## Description of the task
Each line of the data must be written out again verbatim; no image belongs in the copy.

## Task input
####################
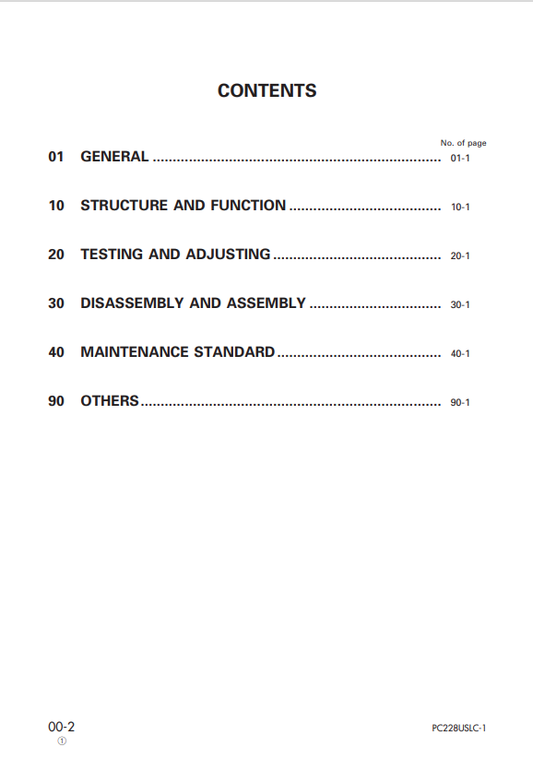 Komatsu PC228US Series Excavator Service & Repair Manual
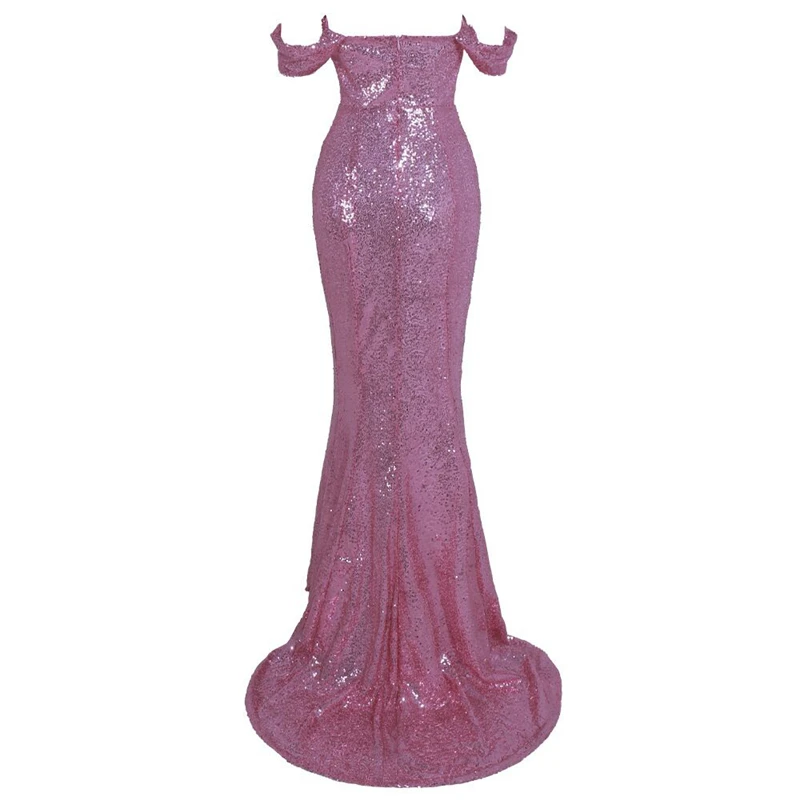 Новинка, модное,, шикарное, сверкающее, розовое, элегантное, вечерние, длинное платье в пол, знаменитостей, официальное платье, Vestidos
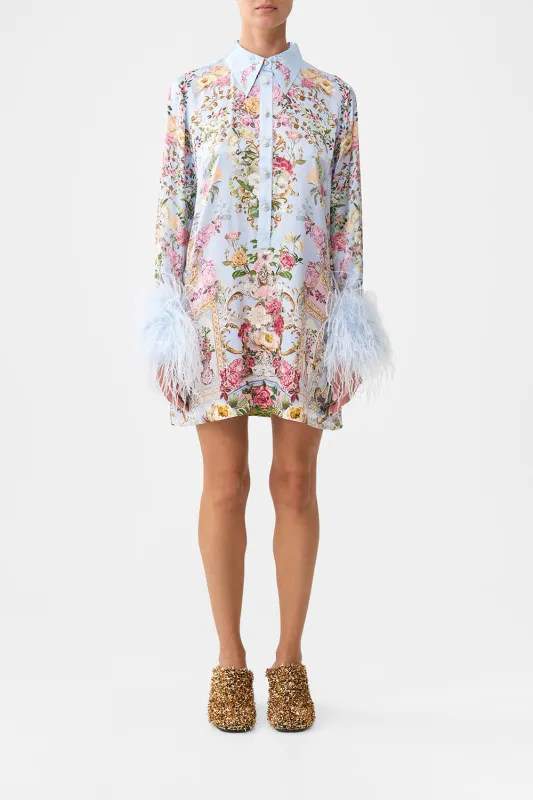 MINI SHIRT DRESS WITH FEATHERS TILED IN TIME sold by Camilla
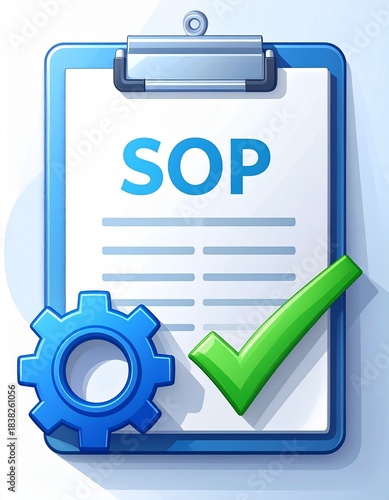 SOP Document with Gear and Checkmark, Standard Operating Procedure Icon, Process Compliance and Workflow, Business Illustration, Operational Guidelines Graphic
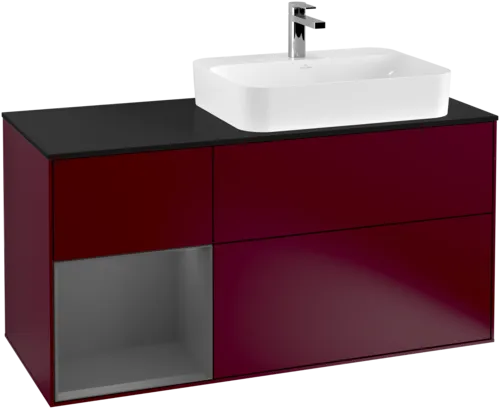 Bild von VILLEROY BOCH Finion Waschbeckenunterschrank, mit Beleuchtung, 3 Auszüge, 1200 x 603 x 501 mm, Peony Matt Lacquer / Anthracite Matt Lacquer / Glass Black Matt #F392GKHB
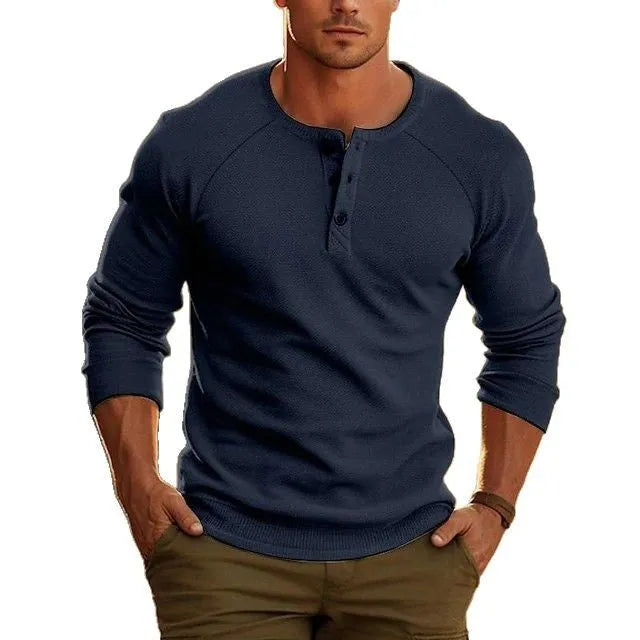 Men's Henry collar long-sleeved t-shirt in white, showing stitching craft detail and pullover style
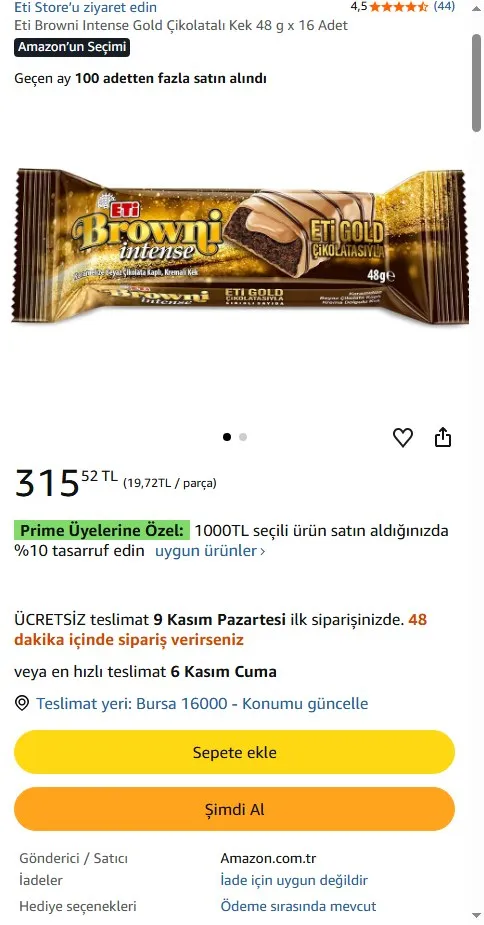 Eti Browni Intense Gold Çikolatalı Kek 48 g x 16 Adet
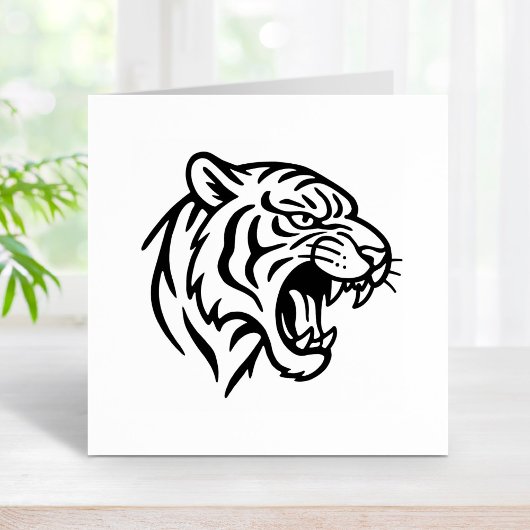 Snarling Tiger Profile Rubberstempel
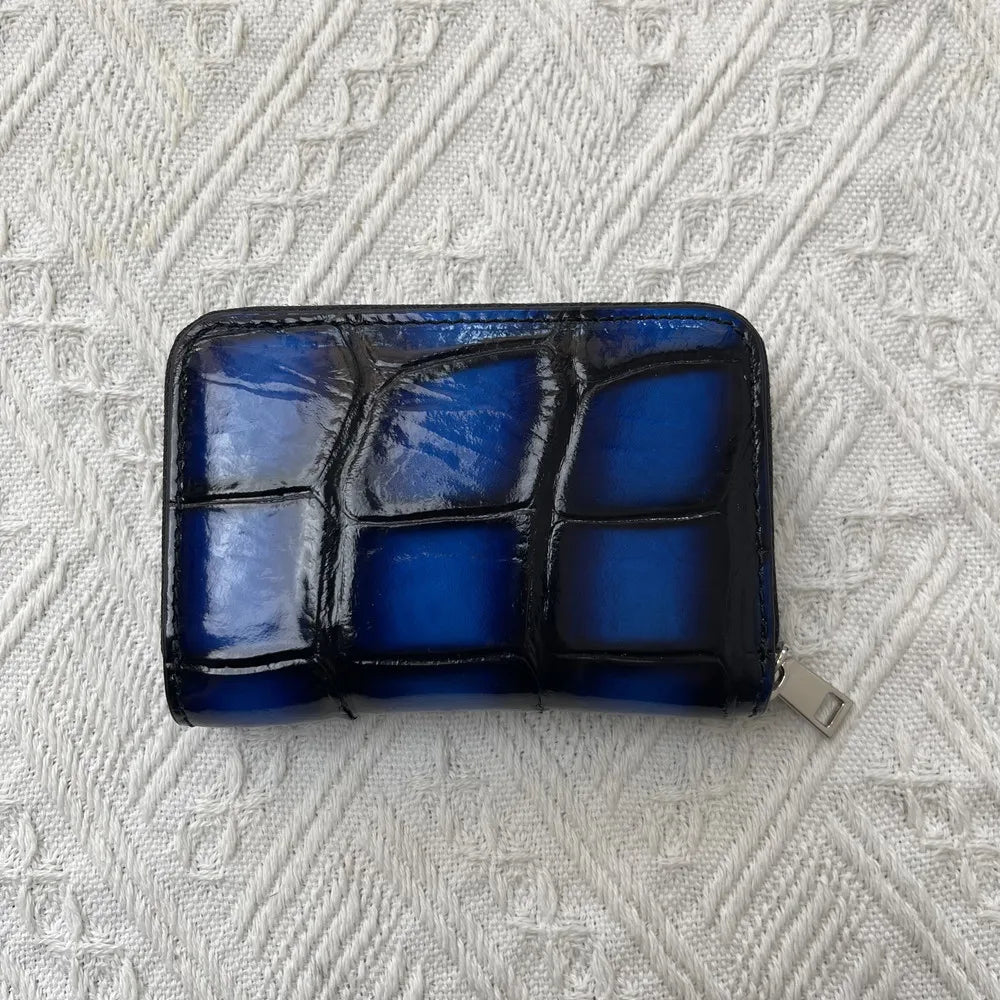 Genuine Crocodile Leather Zipper Coin Purse & Card Wallet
####################
## Reply to the exercise
 Komatsu PC228US Series Excavator Service & Repair Manual
 Новинка, модное,, шикарное, сверкающее, розовое, элегантное, вечерние, длинное платье в пол, знаменитостей, официальное платье, Vestidos
 MINI SHIRT DRESS WITH FEATHERS TILED IN TIME sold by Camilla
 SOP Document with Gear and Checkmark, Standard Operating Procedure Icon, Process Compliance and Workflow, Business Illustration, Operational Guidelines Graphic
 Bild von VILLEROY BOCH Finion Waschbeckenunterschrank, mit Beleuchtung, 3 Auszüge, 1200 x 603 x 501 mm, Peony Matt Lacquer / Anthracite Matt Lacquer / Glass Black Matt #F392GKHB
 Men's Henry collar long-sleeved t-shirt in white, showing stitching craft detail and pullover style
 Eti Browni Intense Gold Çikolatalı Kek 48 g x 16 Adet
 Snarling Tiger Profile Rubberstempel
 Genuine Crocodile Leather Zipper Coin Purse & Card Wallet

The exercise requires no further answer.